Dividends and loan repayments in a construction insolvency—Evans v Jones

What is the status of dividends and loan repayments in the context of insolvency following the decision in Evans v Jones? Simon Passfield of Guildhall Chambers, who represented the respondents in this case, says when considering the balance sheet position of a company for the purposes of a claim under section 238 or section 239 of the Insolvency Act 1986 (IA 1986), it is necessary to consider the commercial reality of the position.

Original news

Evans and another v Jones and another [2016] EWCA Civ 660, [2016] All ER (D) 36 (Jul)

The Court of Appeal, Civil Division, allowed the joint liquidators’ appeal against a judgment that had ruled on their application under IA 1986, s 239. The judge had erred in having taken into account, in assessing the solvency of the company, a dividend that had been paid to the defendant director/shareholders which had been shown during the course of the liquidation to have been an unlawful dividend.

What was the background to the appeal?

The respondents were the directors and shareholders of Rococo Developments Ltd (the company), a property development company. On 1 June 2010, the company paid a dividend of £75,000 to the respondents. Between 3 June 2010 and 18 March 2011, the company repaid various loans made by the respondents. On 21 April 2011, the company was placed into creditors’ voluntary liquidation.

Subsequently, the liquidator issued a claim:

  • to challenge the dividend as being unlawful pursuant to section 847 of the Companies Act 1986, and
  • to challenge the loan repayments as preferences pursuant to IA 1986, s 239

The parties instructed a single joint expert to prepare a report on the following issues:

  • whether the company had sufficient distributable reserves to justify the dividend, and
  • the solvency of the company at the time of each of the loan repayments

As regards (i), the expert held that the company’s accounts should have made provision for a claim which had been made against the company by a contractor and which subsequently resulted in an adjudication award. If that provision was included, the company would not have had sufficient distributable reserves to justify the dividend.

As regards (ii), the expert concluded that the company was balance sheet insolvent when four of the five payments were made. However, he noted that if the dividend was treated as an asset of the company (on the basis that it was unlawfully paid and therefore void) the balance sheet would be returned to solvency.

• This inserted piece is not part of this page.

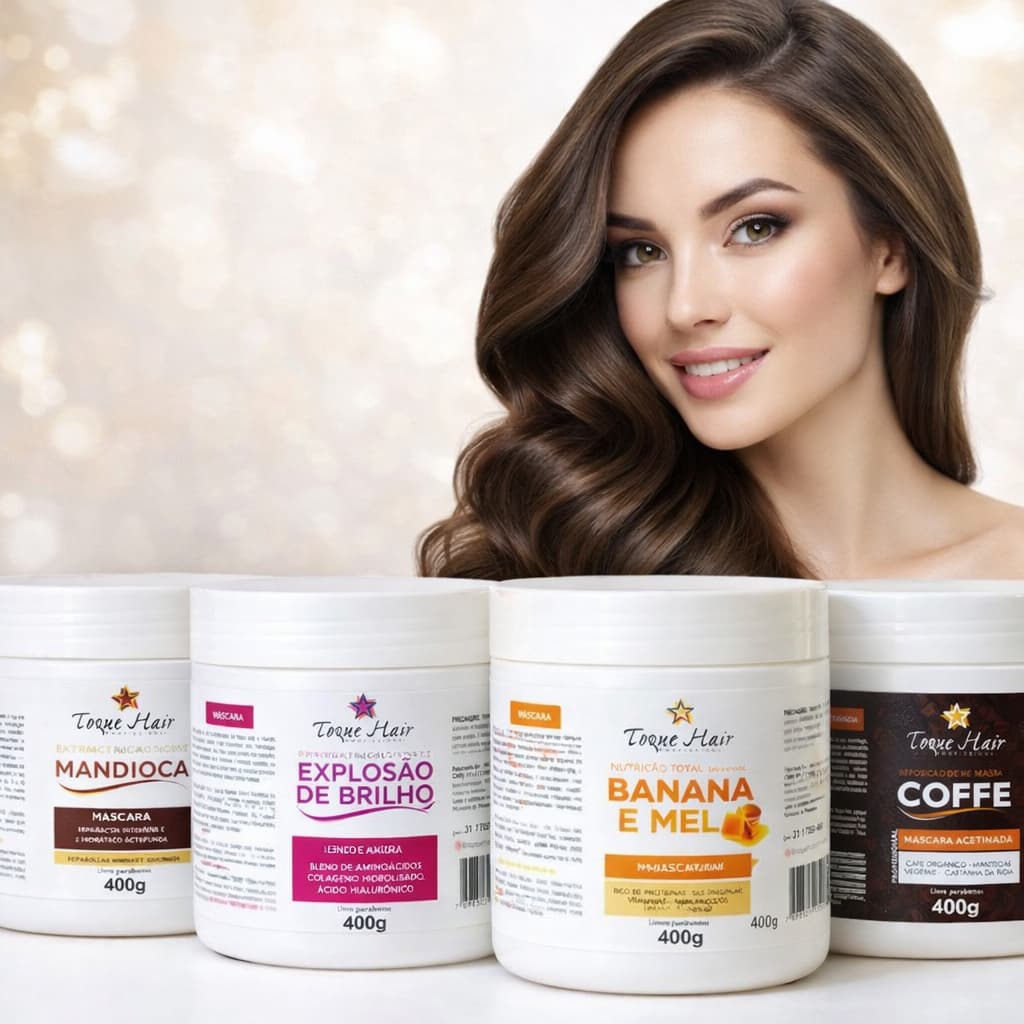Máscara de Hidratação Toque Hair 500g Mandioca Banana e Mel Coffee Explosão de Brilho nutriçao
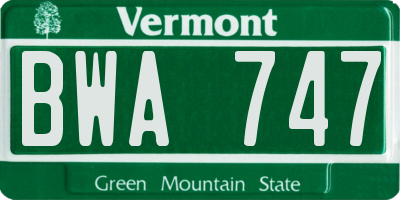 VT license plate BWA747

After receiving the expert’s report, the respondents accepted that the dividend had been unlawful and agreed to repay it. At the trial of the preference claim, HHJ Jarman QC held that the loan repayments constituted preferences. As to the question of solvency, he accepted that it was necessary to include a provision in respect of the contractor’s claim. However, he also held that the dividend should be treated as an asset of the company for the purpose of assessing its company’s balance sheet position. In consequence, he held that the company was solvent at the time of each of the loan repayments and therefore dismissed the preference claim. The liquidator appealed against that decision.

What were the legal issues the Court of Appeal had to decide?

It was common ground that the balance sheet test in IA 1986, s 123(2) requires the court to compare a company’s present assets with its present and future liabilities (discounted for contingencies and deferment) and that contingent assets are left out of the assessment.

The issue which the Court of Appeal had to decide was whether HHJ Jarman QC was right to treat the dividend as a present asset to be included at full value in the assessment.

What were the main legal arguments put forward?

The appellants argued that the dividend was a contingent asset at the date of the loan repayments because at the time of payment the respondents (the sole directors and shareholders of the company) had believed that it was lawful, and therefore the company’s claim for repayment was unknown until the company subsequently entered liquidation.

They further argued that the judge’s treatment of the dividend was inconsistent with his treatment of the company’s liability to the contractor—he had used the benefit of hindsight in determining the appropriate value to place on the former but had expressly disavowed hindsight in valuing the latter.

The respondents argued that the fact that the dividend was believed to be lawful at the time of payment was irrelevant. As a matter of law, the dividend was unlawful. In consequence, the monies paid to the respondents were held by them on constructive trust for the company and therefore the dividend remained an asset of the company. In the circumstances, the dividend was a present asset of the company.

They accepted that the judge was entitled to use hindsight in valuing both the dividend and the liability to the contractor but noted that the appellants had not sought to appeal the judge’s finding in relation to the value of the latter.

What did the Court of Appeal decide, and why?

The Court of Appeal held that at the date of the loan repayments the company’s entitlement to repayment of the dividend was contingent on the claim against the respondents being discovered and pursued. It was therefore a contingent asset which should not have been taken into account in assessing the company’s balance sheet position.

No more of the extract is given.